-- THE DATA follows --

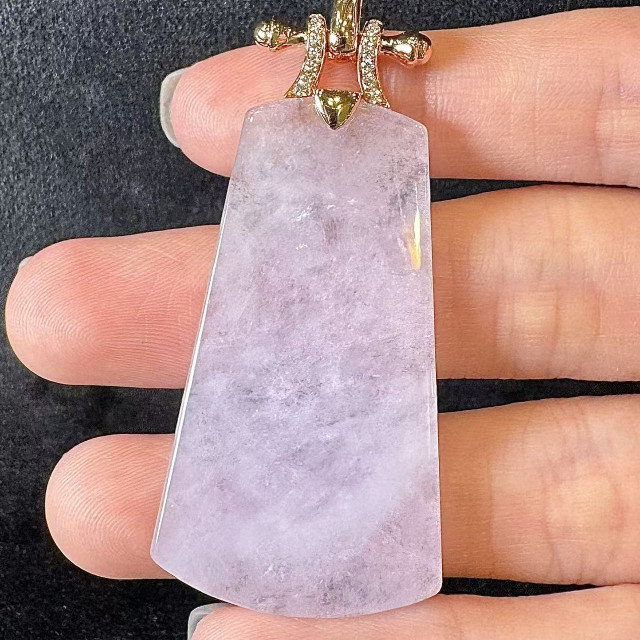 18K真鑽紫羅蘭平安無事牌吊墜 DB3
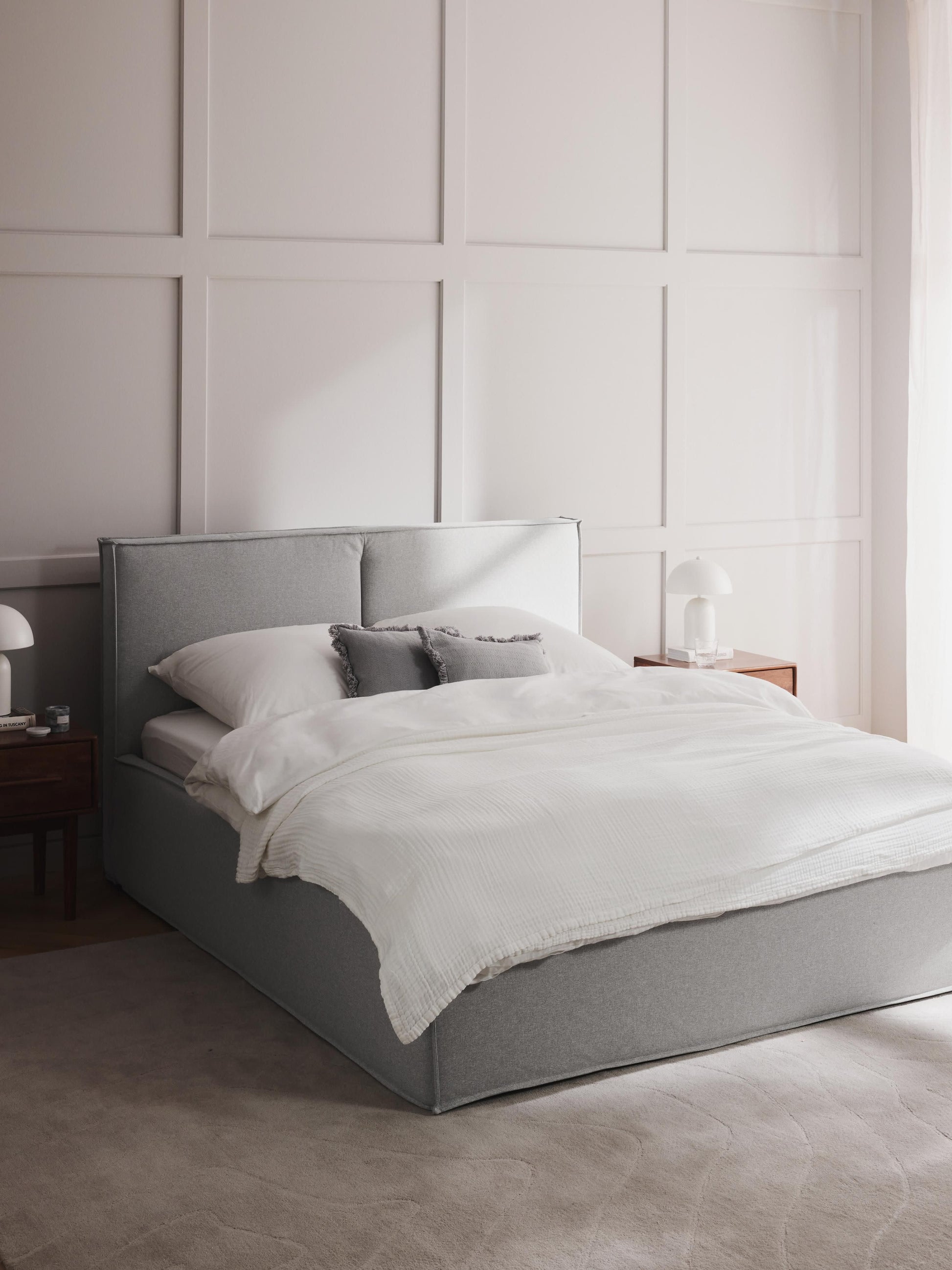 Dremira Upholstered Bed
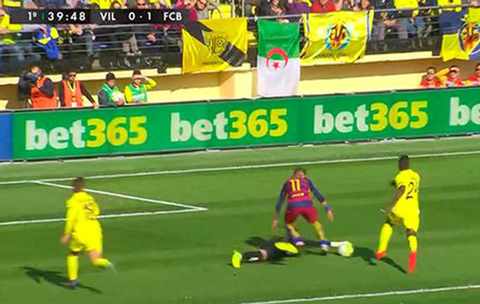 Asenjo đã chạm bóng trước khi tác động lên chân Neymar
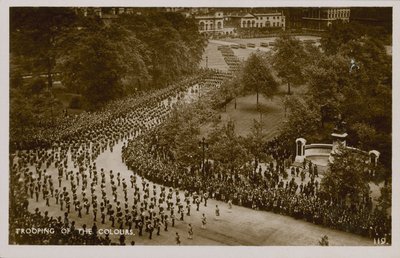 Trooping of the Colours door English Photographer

-- THE DATA concluded --

● DIRECTIONS FOR THIS TASK:
Please retype the listing exactly, leaving out any images.

● OUTPUT:
 18K真鑽紫羅蘭平安無事牌吊墜 DB3
 Dremira Upholstered Bed
 Asenjo đã chạm bóng trước khi tác động lên chân Neymar
 Trooping of the Colours door English Photographer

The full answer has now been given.